Далее Руссо, с присущей ему смелостью, утверждает, что обезьяна, «пере­ходящая от одного ореха к другому», не воспринимает эти предметы как нечто единое (такая обезьяна, вопреки мнению философа, конечно, умерла бы с голоду). Именно у черты, отделяющей обезьяну от ребенка, — истоки специфики человека. Здесь начинается игра между собственными именами и нарицательными, между «этот» и «всякий». И именно потому, что понятие «этот и только он» — понятие новое, оно в первую очередь привлекает внимание неофита.

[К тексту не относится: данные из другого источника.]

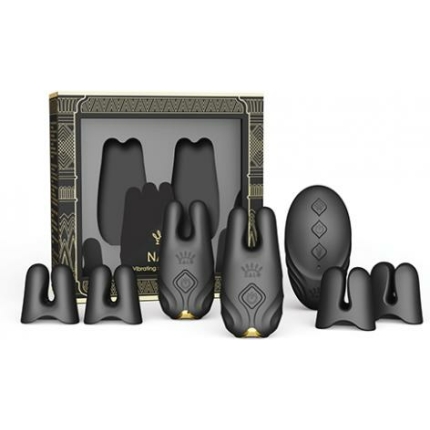 Zalo Nave Vibrating Nipple Clamps - Obsidian Black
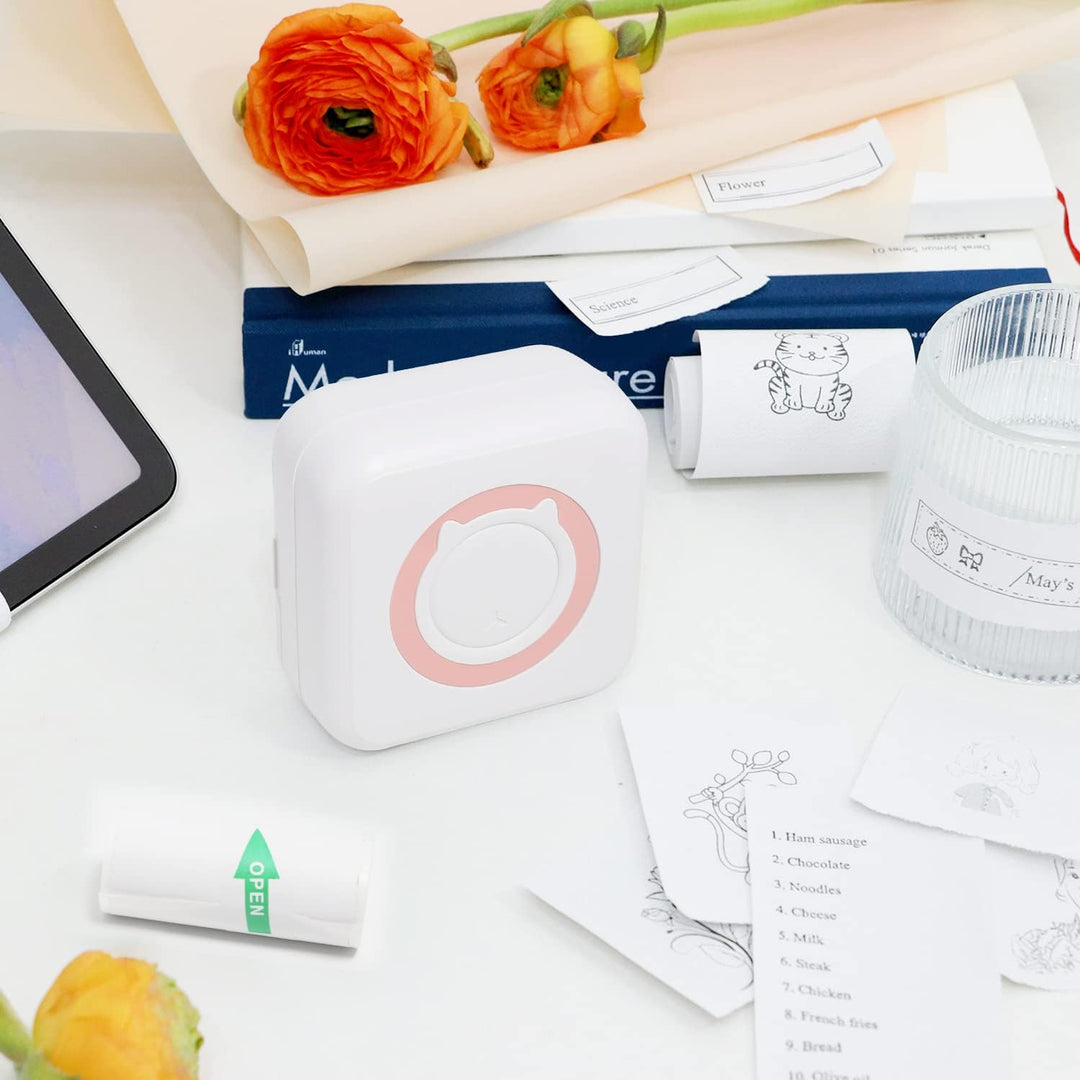 AURTEC Mini-Thermodrucker, tragbarer, kabelloser Bluetooth-Tintenloser Drucker mit 3 Rollen Aufklebe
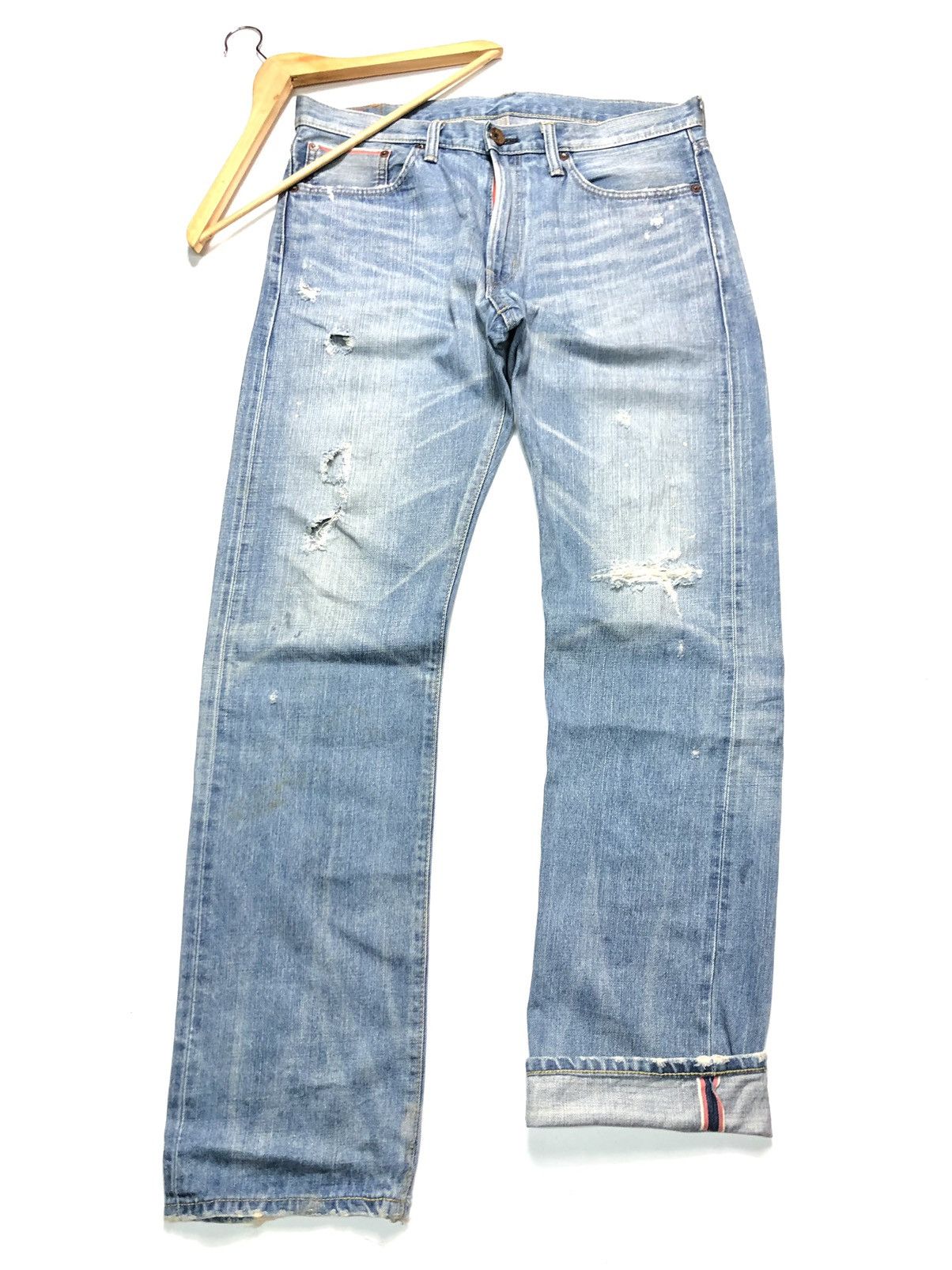 Edwin × Vintage VINTAGE EDWIN SELVEDGE DISTRESSED DENIM Size US 34 / EU 50 - 1 Thumbnail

Нет «я» без «другие». Но только в сознании человека «я» и «все другие, кроме меня», складываются в нечто единое и конфликтное одновременно.

Один из исходных семиотических механизмов, присущих человеку, начи­нается с возможности быть «только собой», вещью (собственным именем) и одновременно выступать в качестве «представителя» группы, одного из многих (нарицательное имя). Эта возможность выступать в роли другого, заменять кого-то или что-то, означает «быть не тем, что ты есть».

Так, например, когда в драке между самцами павианов побежденный становится в позу сексуального подчинения, мы сталкиваемся с весьма ин­тересным примером исходной точки семиозиса. Вопреки возможным фрей­дистским истолкованиям, перед нами не случай торжества сексуальных уст­ремлений, а яркое проявление возможности освобождения от их власти в их же собственном царстве, превращения их в язык, то есть в нечто формальное, отделенное от собственного значения. Самец-павиан использует сексуальный жест самки как знак несексуальных отношений — свидетельство готовности быть подчиненным. Естественные, данные природой и заложенные генети­чески биологические позы повторяются как знаки, которым возможно при­писывать произвольное значение.

М. Булгаков описывает в «Театральном романе» следующий случай, вы­званный императивным запретом режиссера на изображение кровавых сцен. В результате действие, в котором автор изобразил ссору героев и гибель одного из них, подверглось трансформации: «...а на генеральной выстрелил в кулисе по-всамделишному. Ну, Настасье Ивановне и сделалось дурно — она ни разу в жизни не слыхала выстрела, а Людмила Сильвестровна закатила истерику. И с тех пор выстрелы прекратились. В пьесе сделали изменение, герой не стре­лял, а замахивался лейкой и кричал „убью тебя, негодяя!" и топал ногами, отчего, по мнению Ивана Васильевича, пьеса только выиграла»2.